Posted on February 10, 2008
Filed Under business |

Earlier this week, Microsoft made a huge offer to buy Yahoo. They offered $40 billion dollars for the Internet behemoth hoping to make themselves into a player in the new Internet economy. Microsoft has struggled during the last few years to catch up with rival Google (rival only in Internet business because Microsoft does a lot more than just Internet.) This was the second time that Microsoft made an offer to buy Yahoo.

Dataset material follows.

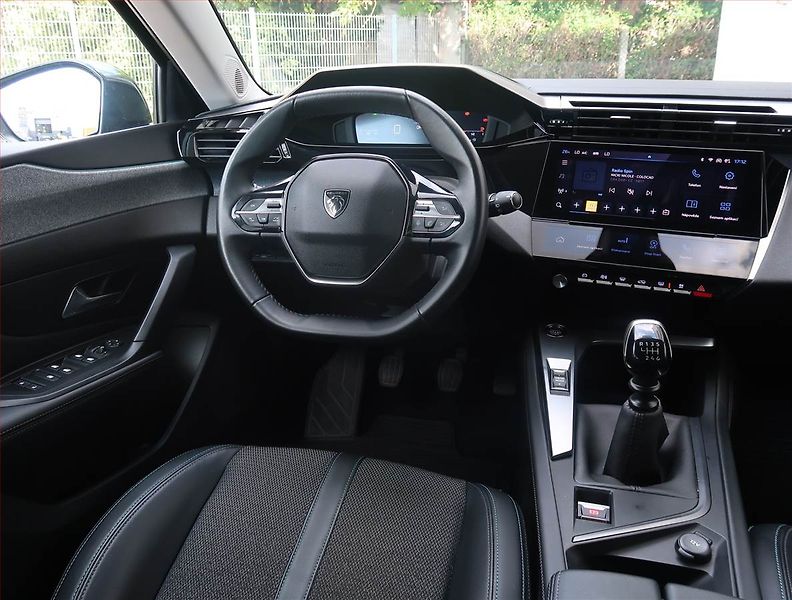 Peugeot 308 (2022) Allure 1.2 PureTech - fotka 7 z 19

The problem with the most recent bid is that many of Microsoft’s stockholders didn’t think that it was a good idea and started dumping their stock. The end result was that Microsoft’s stock price dropped to the point that the company lost nearly $40 billion in value (shares are selling about $4 lower at Friday’s market closing than they did before the acquisition offer.) So, the actual cost of the acquisition is double the actual offer. Even worse, it would appear that Yahoo has declined to sell putting Microsoft into an even worst position, i.e., they lost all this value for nothing. Moreover, it is possible that Yahoo is declining the offer because they want more money. But Microsoft’s offer was already such that it seriously overvalued Yahoo. And if they increase their offer then they risk losing even more in value as more stockholders might continue to get rid of Microsoft stock.

The winner out of all these seems to be Google. First Google announced that they were unhappy about the possibility of a Microsoft and Yahoo mergers; they claimed something about creating a monopoly in the Internet marketplace but that is weird because even if the two companies joined, Google would still be having a much larger share of the market than both. If there is a monopoly online today that is Google and not Microsoft or Yahoo or both of them together. At any rate, the fact that Yahoo declined to sell and that Microsoft lost a tone of money regardless can be considered a victory for Google.